But there’s a recruiting aspect in this rivalry that is newly-implemented. Unlike the previous staff led by Paul Johnson, there’s a priority of signing the “elite” prospects as Collins put it and contending with the likes of Alabama, Clemson and Georgia. That’s not to say Georgia Tech has matched the level of Smart in recruiting yet as the Bulldogs signed the second-ranked 2019 class and the Yellow Jackets finished 51st with one four-star pledge.
So, there’s an obvious gap. But there’s a similar approach from each of the in-state coaches that stems from that coveted group signed in 2008. Collins said that he uses a roster management sheet from Saban, and takes many other tidbits to recruit from a similar perspective.
Collins possesses some differences though as he allows his personality to show in nearly every recruiting encounter. He has a massive social-media presence and likely tweets, retweets and interacts more than any coach in the country. He has been to Europe (which paid off by the way as he signed Sylvain Yondjouen from Belgium) and spends every free moment at the closest Waffle House — maybe there’s a high tolerance for the All-Star Special?
“He does a tremendous job. He’s a bowling ball of energy,” Smart said shortly after Collins was hired at Georgia Tech. “I mean if you hadn’t already noticed, he’s very much a go-getter in recruiting. He enjoys that part of it. He’s also a good football coach, and what he’s been able to do in his career, the places he’s gone, he’s shown that success. I’ve got a lot of respect for Geoff.”

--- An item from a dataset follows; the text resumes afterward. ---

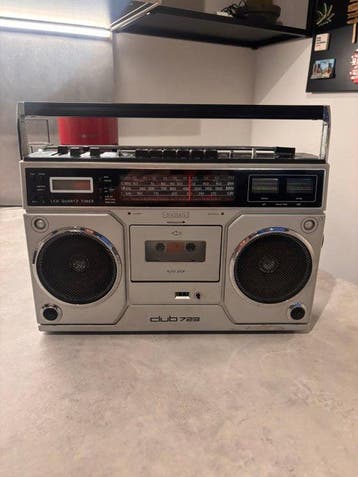 Siemens - Club 723 / 4-Waveband Portable Stereo Radio, Nieuw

Georgia’s new staff began the same way in December 2015: glitz-and-glamour of helicopter rides, visiting top prospects from across the country and using the pitch of becoming an upper-echelon program. For Georgia, it worked. After one 8-5 season, the Bulldogs are among the nation’s best and are set to compete for national titles in nearly every season.
“(Smart) has a track record, and you can’t deny where he comes from,” Georgia defensive tackle Julian Rochester said. “He has the accolades and knows what he’s doing. You follow along with it.”
While Collins hasn’t seen the results of a top-rated class while Smart has three, there are signs of Georgia Tech reaching the level of its foe in Athens. In the past week, the Yellow Jackets signed Rome four-star running back Jamious Griffin and Miami transfer wide receiver Marquez Ezzard (formerly a four-star out of Stockbridge). Those were both Georgia recruiting targets at one time, and Ezzard was a Bulldogs’ priority. Both programs were in final contention for three-star tight end Brett Seither, and Georgia landed his services.
Georgia Tech’s early success stems from a revived philosophy, which athletic director Todd Stansbury said was a key part in hiring Collins.
“Our brand should be as strong as anywhere in the country, and it’s going to be,” Collins said. “We will evaluate talent and leave no stone unturned. Wherever there’s an elite player, we will actively recruit them.”
Georgia and Georgia Tech will begin a revived rivalry with head coaches determined to be among the best. While they’ll go against each other on a number of occasions (the first on Nov. 30 in Atlanta), their triumphs can be traced back to when they were once together.
“They’re both cut out of the same mold,” Alles said. “... Geoff will take it to the next level. It wouldn’t surprise me if he became as competitive as Alabama or Georgia.”